Ottawa VotesHere it is November, we are almost at the end of Ottawa’s run where all things #Canada150 overshadowed what was being talked at in City Hall. With the end of 2018 we’ll see the dismantling of the #Canada150 Flame at City Hall and business of the City come more into focus.

There are serious items that will linger through to the Municipal elections in Ottawa in 11 months.

Mayor Jim Watson has campaigned on 2% or less for property tax increases. The problem with 2% property tax increases is that everything else has increased almost triple the rate of property taxes. Water fees, sewage fees all increased and are budgeted for large increases through the next five years as the City looks for revenues it can’t raise with a 2% property tax rise.

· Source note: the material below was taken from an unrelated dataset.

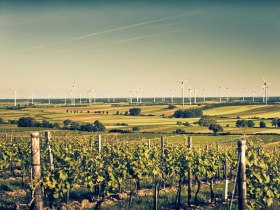 Hundsheimer Berge Tour: Variante Hundsheim, © Donau Niederösterreich - Tourismusbüro Carnuntum-Marchfeld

Watson’s rationale is not that different from Provincial and Federal Liberals that are “lowering” income taxes, but increases other necessary costs, like Hydro negate any reduction in taxes because any gain in disposable incomes is lost on higher hydro rates and carbon taxes put on the cost of gas at the pumps.   But Jim Watson will campaign on low property taxes and avoid any talk of higher water, sewage and user fees.

What will dog Watson are his views on safe injection sites and funding illegal pop up site. The safe injection site in Sandy Hill was given the federal go ahead, but that did not stop an unauthorized pop up site from appearing in a Lowertown park. This prompted the Ottawa Health Officer to opening a ‘legal’ temporary site on Clarence Street.   The illegal pop up site continues to operate even though its original mandate was to have a permanent site available to prevent deaths by overdose.

The irony here is that ‘conservative’ Mayor John Tory in Toronto is looking more progressive that ‘liberal’ Mayor Jim Watson in Ottawa. There will be calls for the City and the Mayor to accept money from the Province the same money Kathleen Wynne gave Toronto for its pop up site to be able to operate in the cold.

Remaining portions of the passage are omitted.